El circo me marcó de niño. Me sentaba en primera fila a pie de pista donde podía oler el aliento de los leones. Rezaba aterrorizado más que en misa de domingo cuando aquellos animales se acercaban y golpeaban con fiereza la reja tambaleante ante mis ojos. Luego, el resto de la función, todo lo demás era divertido. Los elefantes daban vueltas como Sísifos cansados y borrachos, los perros jugaban al fútbol y los monos fumaban. Los demás niños se reían cuanto más humanizaban a aquellos animales mientras que yo me entristecía al descubrir que los humanos somos un animal más. Ya no fui el mismo desde aquella tarde de circo y cuando jugaba en el recreo o asistía a una fiesta de cumpleaños, me quedaba absorto en una esquina contemplando a mis compañeros de especie como si fueran animales de circo adiestrados por algún domador invisible.

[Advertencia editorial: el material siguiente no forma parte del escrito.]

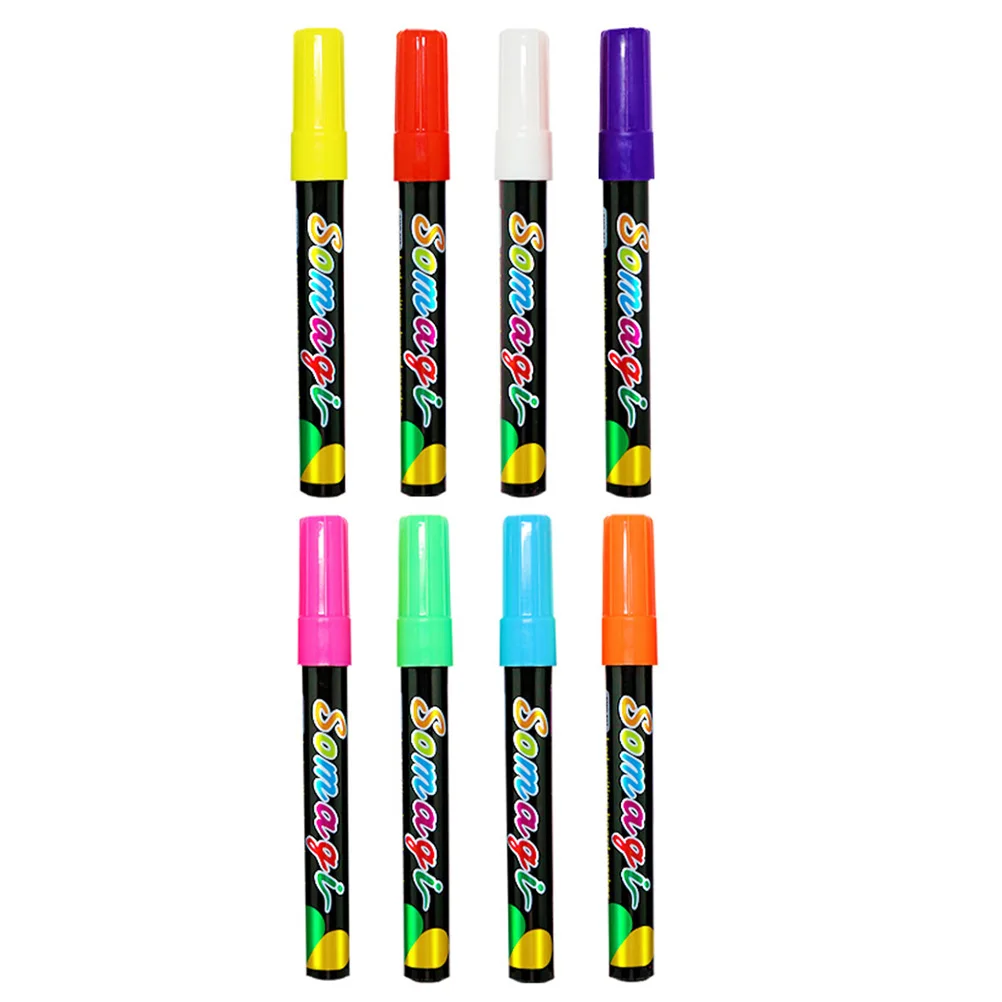 

8Pcs Fluorescent Marker Pens Multipurpose Lightweight Safe for Whiteboard Glass Plastic Dry Erase Markers Chalk Marker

Los niños ya no se harán filósofos en el circo porque ya no habrá leones, ni monos ni perros saltimbanquis, solo humanos trabajando como bestias bajo una carpa. Lo impide la nueva ley de bienestar animal. Creo que es una ley necesaria en un país como el nuestro, donde las parejas prefieren ponerle vestidos a sus mascotas antes que concebir y educar hijos humanos.
Afortunadamente para mí, devoto del huevo frito, esta norma no ha seguido a pie juntillas a aquellas chicas que denunciaron las supuestas violaciones de las gallinas. Espero que al menos esta ley salga mejor que otras y no veamos orangutanes por las calles, como en una de esas series distópicas que tanto le gustan a Torrecillas. Pongo la radio y leo la prensa, y me vuelve el terror como en aquella tarde ante los leones. Nos quitan los animales bajo la carpa pero el circo humano continúa.